Progress Indicators#
Daft includes built-in progress indicators to track query execution in local and distributed runs. Progress indicators help you monitor execution status and estimate remaining work.
See also:
When running in a shell (like Bash) or in a Jupyter Notebook, Daft displays a progress indicator with query statistics. These statistics differ between local and distributed (Ray) execution.
Note
When running a Python script outside of a user-facing shell, the progress indicator is disabled. If you want to disable the progress indicator explicitly, set the environment variable DAFT_PROGRESS_BAR=0. This can be useful for benchmarking as progress tracking can add overhead in local execution.
Local Execution#
In local or single-node execution, the progress indicator shows:
- The time spent since the start of an execution operator. This is only the "wall clock" time, not the total time spent across all threads.

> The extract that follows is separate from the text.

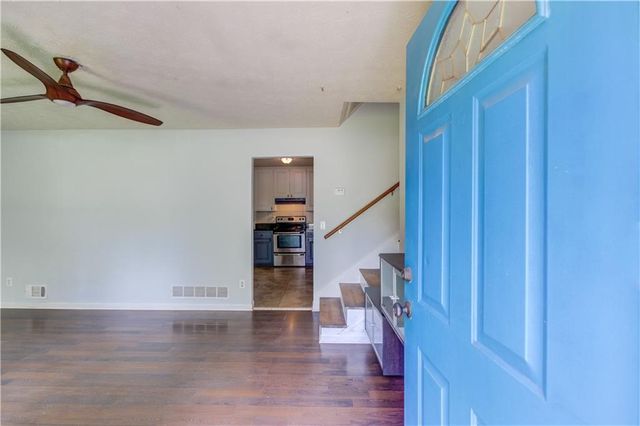 321 Amberwood Drive, Lawrenceville, GA 30044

- The number of rows received and emitted per operator. This can be useful to see if a particular operation is currently waiting for more rows or processing output
- Additional metrics depending on the operator. For example, we show the number of bytes written by write operators
Distributed (Ray) Execution#
In distributed execution on Ray, the progress indicator shows:
- The number of partitions processed by a pipeline of tasks
- The time spent per pipeline so far
- An approximation of the time left for the known remaining partitions
Why is the progress indicator different?#
Ray automatically manages a different progress indicator based on tasks and actors. This progress indicator tracks different statistics and is not as customizable.